Roger Shimomura has emptied out the attic for “Great American Muse,” his latest show at Greg Kucera Gallery. The 40 paintings in this show recombine memorable images from his past work and the history of modern art, tying them up in a messy thought-provoking package. Shimomura has dedicated his career to challenging the racial stereotypes faced by Asian Americans in general and Japanese Americans in particular, sometimes confronting them directly, in the form of buck-tooth yellow-face cartoons from World War II. Sometimes he parodies them, inserting characters from 19th century Japanese art into contemporary settings. He calls out younger Japanese Americans for their materialistic American lifestyle, and non-Asians who can’t tell Japanese from Chinese. His three decades-long body of work about the Internment is a poignant and powerful historical document.

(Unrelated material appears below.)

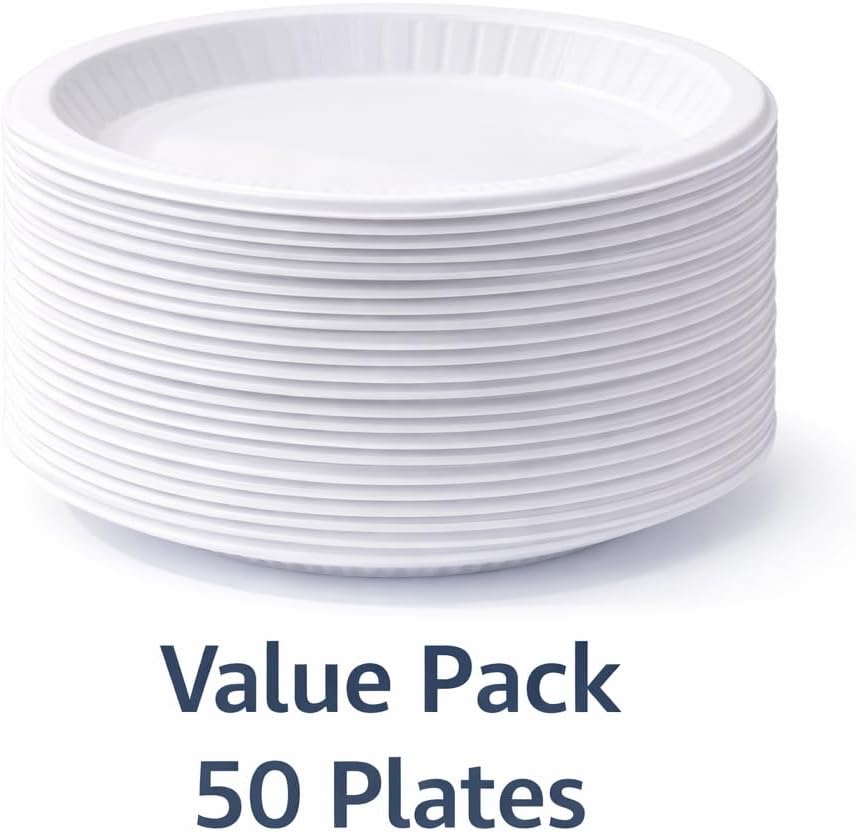 Sunny 10-Inch Plastic Plates – Pack of 25, BPA-Free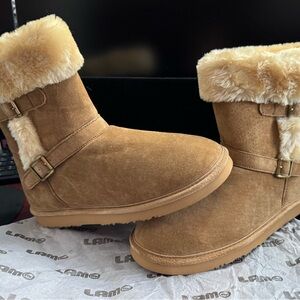LAM Chestnut Brown Fur-Lined Winter Boots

An academically trained artist and a professor at the University of Kansas for 40 years, Shimomura’s work aligns with American Pop Art. For American Muse, he appropriates fragments of famous works by Pop artists Andy Warhol, Roy Lichtenstein, and Tom Wesselmann; icons of modern art such as Picasso and Mondrian; and Japanese ukiyo-e master Hokusai. Google them and you will be able to spot snippets of their work throughout the show. Wesselmann and Lichtenstein also influenced his compositional style: 24-inch square images so densely layered and tightly framed that people and objects are crowded off the edges. A Picasso portrait backgrounds two nudes, one Caucasian, one Asian, their poses draw from Wesselmann but rendered in the style of an ukiyo-e print (“Great American Muse #15”). A geisha faces off with Minnie Mouse in front of Lichtenstein’s “Smoking Gun” (#27). A samurai and a fashion model make an incongruous couple in front of Lichtenstein’s comic-book lovers (#48).
“A few years ago my wife gave me a book on artist Tom Wesselmann that caused me to re-examine his paintings,” Shimomura states. “…these compositions were based upon fixed sets of images and locales, such as the female figure, kitchen, bathroom, groceries, art, and appliances. Upon this realization, I began to juxtapose similar images that I had used in my own work, … images that commonly had ethnic connotations such as woodblock prints, World War II, samurai, and geisha. I discovered that the level of interpretation rose exponentially, as each additional component brought its own history and associations. This resulted in endless possibilities for dialogue and debate.” The resulting works are dense and visually complex. His highly developed painter’s eye for composition and color is what holds them together. The show encompasses a dizzying array of references to art history, American history, and Shimomura’s history. But it can simply be enjoyed as an exhibition of fine painting.